What you will do -
Print the line containing "2005 grand Cherokee" and each line after it through the end of the material below, exactly as it appears, but skip the pictures.

Data section -
——

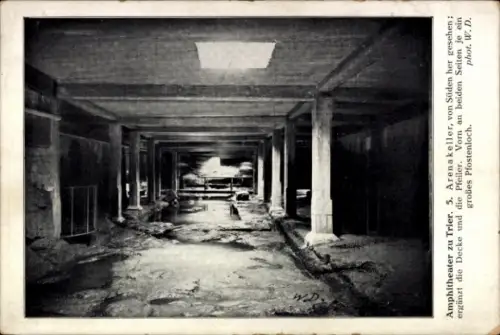 Ak Trier an der Mosel, Amphitheater zu  Arenakeller, von Süden, große Pfostenlöcher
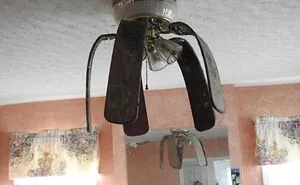 30 Ridiculous Real Estate Listings, Shared By This Online Community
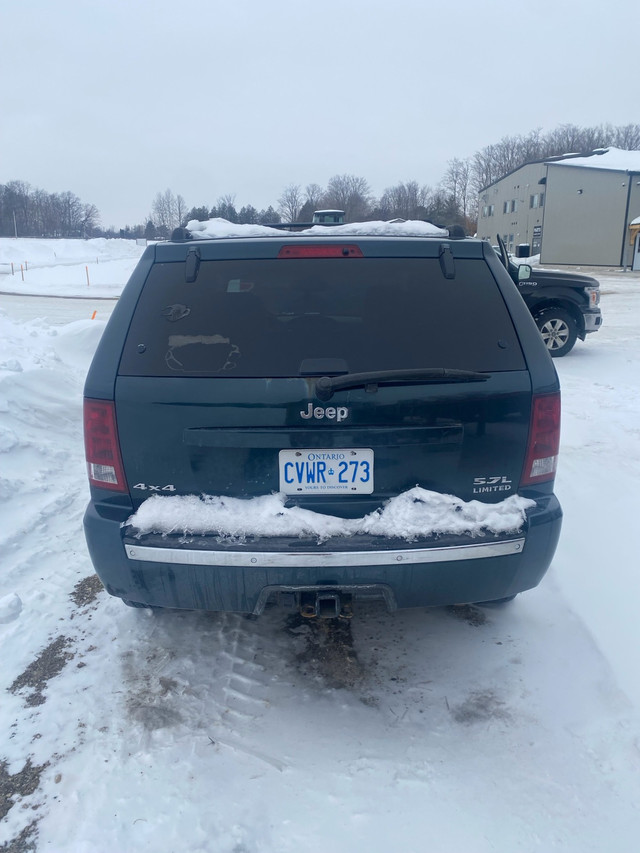 2005 grand Cherokee 4 x 4 5.7 hemi in Cars & Trucks in Guelph - Image 4
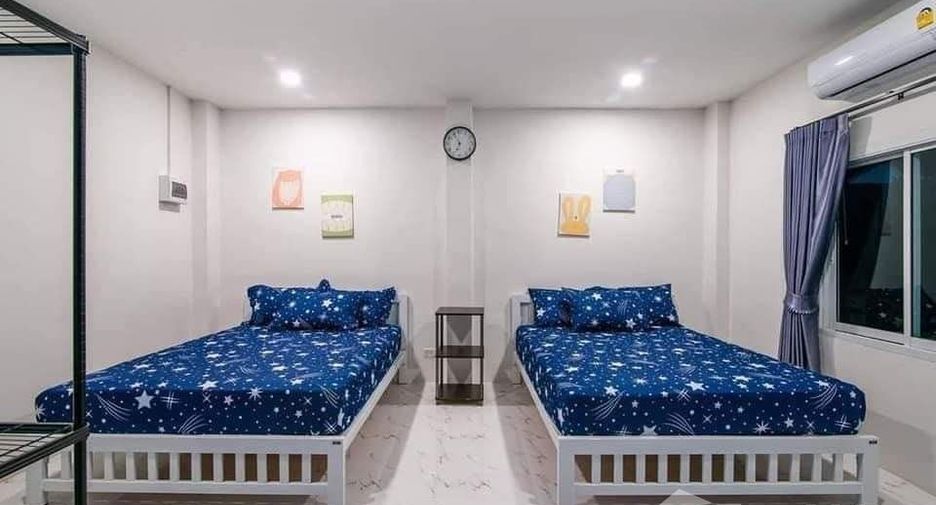 For rent 4 bedrooms villa in Hua Hin, Prachuap Khiri Khan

——

Completed task -
 2005 grand Cherokee 4 x 4 5.7 hemi in Cars & Trucks in Guelph - Image 4
 For rent 4 bedrooms villa in Hua Hin, Prachuap Khiri Khan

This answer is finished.